Christmas trees glut means lower prices, hurt farmers

By Natural Resource Report,

A sluggish economic climate, low wholesale prices and less consumer demand all spell trouble for Christmas tree farms across Oregon. In 2008, 7.34 million trees were sold in Oregon, propelling a $110 billion industry and the No. 1 producer of Christmas trees in the U.S. That number is expected to shrink to 5 million by next year as many farmers have abandoned the business due to a challenging market and surplus of trees.

In early 2000 many farmers were lured by the high prices of trees and gave up on other crops to invest in Christmas trees. It takes 5-10 years for trees to mature for sale and many trees that were planted during the boom are now up against the frugal consumer and Oregon’s recession. Simply put, there are just too many trees and not enough demand. High supply and low demand are forcing some farmers to sell their trees for less than it cost to produce them.
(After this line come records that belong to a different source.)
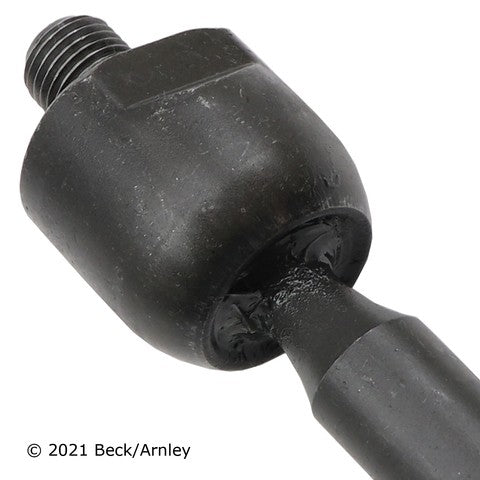 Steering Tie Rod End Beck Arnley 101-5572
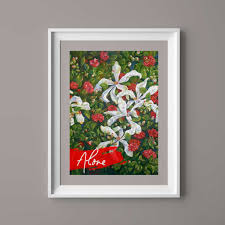 Check spelling or type a new query. Natural Oil Painting Helpeace Charity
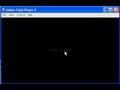 Intro1.wmv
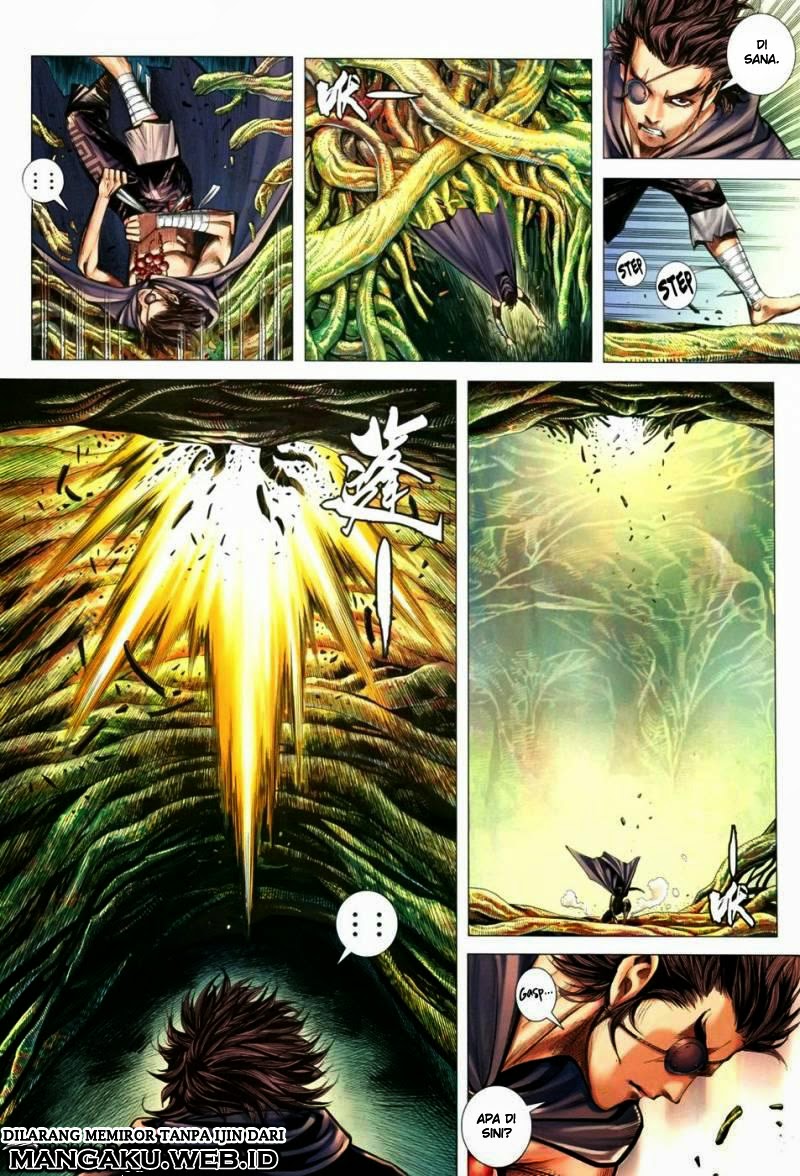 image-komik-feng-shen-ji-chapter-122-13/33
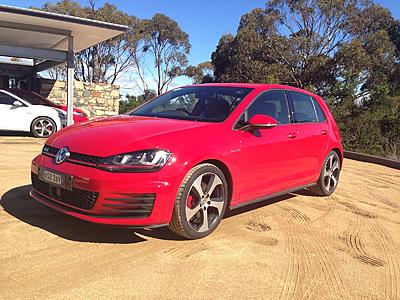 Mk7 Golf GTI Discussion Thread-volkswagen-golf-gti-mk7-2-jpg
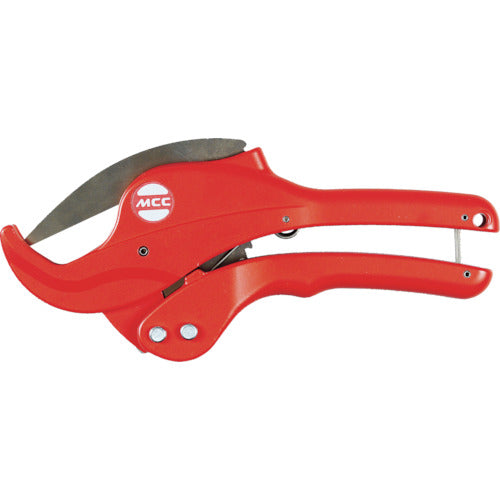 3877531|エンビカッタVC-48ED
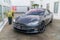 2019 Tesla Model S Long Range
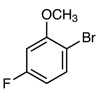 Thumbnail of 2-Bromo-5-fluoroanisole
This will likely mean lower prices for Christmas trees this year.  For the farmers, it means they may have to cut and burn trees.

According to the National Christmas Tree Association (NCTA), consumers in 2008 bought 10% less Christmas trees than in 2007. Add in the sluggish economy, where consumers are opting to buy one tree, rather than multiple, or perhaps even a smaller, less expensive tree and many farmers are getting concerned.

The growing popularity of artificial trees has encouraged the Pacific Northwest Christmas Tree Association’s recent marketing campaign, urging consumers to go back to buying a real, authentic tree. Last year, the average amount consumers spent on a tree was $36.60, compared to $60.63, the average cost of an artificial tree.

The good news is that NCTA expects that 35% of the people they polled will buy a real tree, a fact that they find promising for the coming holiday season.